I actually have no idea how private networks with WARP are here, but that's a pretty big privacy downgrade for tunneling from the Internet.
I also consider P2P with relay fallback to be highly desirable over always relaying traffic through a third party, too. Firstly, less middlemen. Secondly, it continues working even if the coordination service is unavailable.
Zero Trust, except for the trust in Cloudflare.
I generally prefer tailscale and trust them more than cloudflare to not rug-pull me on pricing, but the two features that push me towards cloudflared is the custom domains and client-less access. I could probably set it up with caddy and some plugins, but then I still need to expose the service and port forward.
Is it technically possible to have something like Tailscale funnel but with something like Cloudflare Access authentication (at least for some options)?
That would be great!!
The other option from this great list https://github.com/anderspitman/awesome-tunneling which seems to meet both sets of goals is NetFoundry.
1. End-to-end encryption.
2. Performance and reliability. 100+ PoPs in all major clouds running their data plane routers if they host (still E2EE), or run routers anywhere if you self-host. Dynamic routing to find best paths across the routers.

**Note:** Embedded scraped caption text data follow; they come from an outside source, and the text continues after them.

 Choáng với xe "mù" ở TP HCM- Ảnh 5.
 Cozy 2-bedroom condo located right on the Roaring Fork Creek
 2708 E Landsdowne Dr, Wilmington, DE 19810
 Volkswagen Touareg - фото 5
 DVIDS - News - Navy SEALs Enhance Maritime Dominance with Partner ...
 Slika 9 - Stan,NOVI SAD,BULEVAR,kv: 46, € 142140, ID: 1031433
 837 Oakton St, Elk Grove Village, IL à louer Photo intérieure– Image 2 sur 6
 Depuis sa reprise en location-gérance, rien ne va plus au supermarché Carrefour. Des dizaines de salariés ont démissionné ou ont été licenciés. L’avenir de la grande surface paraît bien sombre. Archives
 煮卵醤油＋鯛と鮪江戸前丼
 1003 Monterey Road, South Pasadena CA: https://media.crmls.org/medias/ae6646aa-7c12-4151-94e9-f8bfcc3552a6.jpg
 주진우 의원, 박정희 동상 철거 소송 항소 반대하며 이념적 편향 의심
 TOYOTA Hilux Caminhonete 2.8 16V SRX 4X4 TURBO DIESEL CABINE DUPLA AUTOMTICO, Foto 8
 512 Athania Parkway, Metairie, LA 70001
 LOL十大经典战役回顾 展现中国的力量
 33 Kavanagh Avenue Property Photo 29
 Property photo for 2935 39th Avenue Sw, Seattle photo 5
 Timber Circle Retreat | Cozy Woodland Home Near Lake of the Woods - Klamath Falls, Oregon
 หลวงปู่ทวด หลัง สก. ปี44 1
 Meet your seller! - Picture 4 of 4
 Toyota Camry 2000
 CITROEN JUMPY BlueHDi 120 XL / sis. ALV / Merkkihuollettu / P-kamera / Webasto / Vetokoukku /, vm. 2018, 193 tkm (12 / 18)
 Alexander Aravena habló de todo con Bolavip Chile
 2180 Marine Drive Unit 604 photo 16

Tunneling p2p with relay fallback is essentially what connet [1] aspires to be. There are a lot of privacy/security benefits exposing endpoints only to participating peers. You can either run it yourself or use hosted version [2].
Thats a big privacy issue if they strip TLS, does it have a technical reason or they just don't want to offer privacy?
TLS termination is neither required nor enabled by default, right?
For that kind of end-to-end encryption I use pinggy.io tls tunnels.
I ended up building something in this space recently (TunnelBuddy – https://www.tunnelbuddy.net I’m the author) that lets you use a friend’s machine as an exit node over WebRTC.
One of the design decisions I made was P2P or nothing: there’s a small signalling service, but no TURN/relay servers. If the peers can’t establish a direct connection, the tunnel just doesn’t come up.
The trade-off is fewer successful connections in weird NAT setups, but in return you know your traffic never transits a third-party relay – it goes straight from your client to your friend’s endpoint.